• Problem requirements: Please copy each line of the records below that holds the word "Fabric".

• Material for the task:
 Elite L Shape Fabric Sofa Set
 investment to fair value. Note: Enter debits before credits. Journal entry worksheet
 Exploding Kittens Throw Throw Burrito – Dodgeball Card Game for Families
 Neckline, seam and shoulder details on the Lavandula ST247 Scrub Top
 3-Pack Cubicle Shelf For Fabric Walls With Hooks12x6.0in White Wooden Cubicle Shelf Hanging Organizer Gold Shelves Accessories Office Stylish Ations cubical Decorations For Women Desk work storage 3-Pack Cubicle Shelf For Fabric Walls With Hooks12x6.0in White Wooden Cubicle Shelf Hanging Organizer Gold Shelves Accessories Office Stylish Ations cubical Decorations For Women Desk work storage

--

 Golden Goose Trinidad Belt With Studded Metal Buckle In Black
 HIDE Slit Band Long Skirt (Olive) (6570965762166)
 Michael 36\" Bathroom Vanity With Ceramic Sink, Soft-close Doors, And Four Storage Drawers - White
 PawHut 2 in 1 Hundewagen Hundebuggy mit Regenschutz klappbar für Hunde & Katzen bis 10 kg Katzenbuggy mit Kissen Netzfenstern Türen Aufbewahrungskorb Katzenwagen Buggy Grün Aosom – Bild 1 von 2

* * *

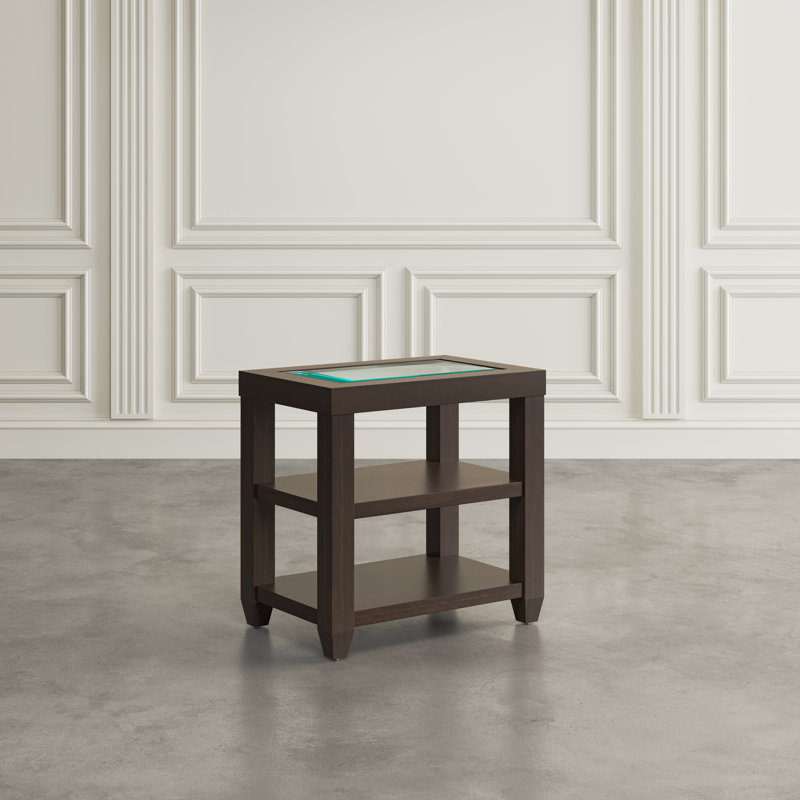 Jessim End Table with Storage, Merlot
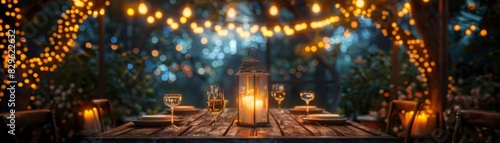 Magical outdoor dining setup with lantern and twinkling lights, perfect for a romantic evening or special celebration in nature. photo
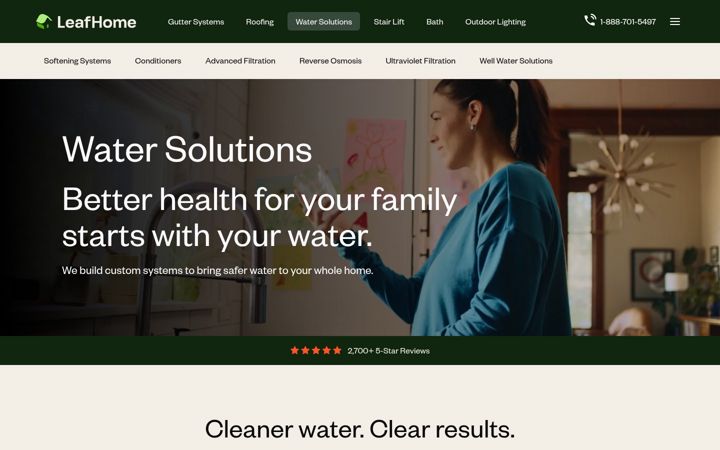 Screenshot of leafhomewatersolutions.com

• Result:
 Elite L Shape Fabric Sofa Set
 3-Pack Cubicle Shelf For Fabric Walls With Hooks12x6.0in White Wooden Cubicle Shelf Hanging Organizer Gold Shelves Accessories Office Stylish Ations cubical Decorations For Women Desk work storage 3-Pack Cubicle Shelf For Fabric Walls With Hooks12x6.0in White Wooden Cubicle Shelf Hanging Organizer Gold Shelves Accessories Office Stylish Ations cubical Decorations For Women Desk work storage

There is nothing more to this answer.